Start of RECORDS SHOWN
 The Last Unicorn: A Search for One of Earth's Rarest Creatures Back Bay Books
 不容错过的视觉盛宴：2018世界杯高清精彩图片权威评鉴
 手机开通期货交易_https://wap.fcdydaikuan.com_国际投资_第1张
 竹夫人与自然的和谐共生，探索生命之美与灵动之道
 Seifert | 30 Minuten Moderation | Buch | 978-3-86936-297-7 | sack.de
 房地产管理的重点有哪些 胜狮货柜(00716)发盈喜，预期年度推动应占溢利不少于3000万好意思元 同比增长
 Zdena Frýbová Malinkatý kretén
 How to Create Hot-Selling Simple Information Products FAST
End of RECORDS SHOWN
Give back the entries above precisely as they appear.

### ANSWER SECTION
 The Last Unicorn: A Search for One of Earth's Rarest Creatures Back Bay Books
 不容错过的视觉盛宴：2018世界杯高清精彩图片权威评鉴
 手机开通期货交易_https://wap.fcdydaikuan.com_国际投资_第1张
 竹夫人与自然的和谐共生，探索生命之美与灵动之道
 Seifert | 30 Minuten Moderation | Buch | 978-3-86936-297-7 | sack.de
 房地产管理的重点有哪些 胜狮货柜(00716)发盈喜，预期年度推动应占溢利不少于3000万好意思元 同比增长
 Zdena Frýbová Malinkatý kretén
 How to Create Hot-Selling Simple Information Products FAST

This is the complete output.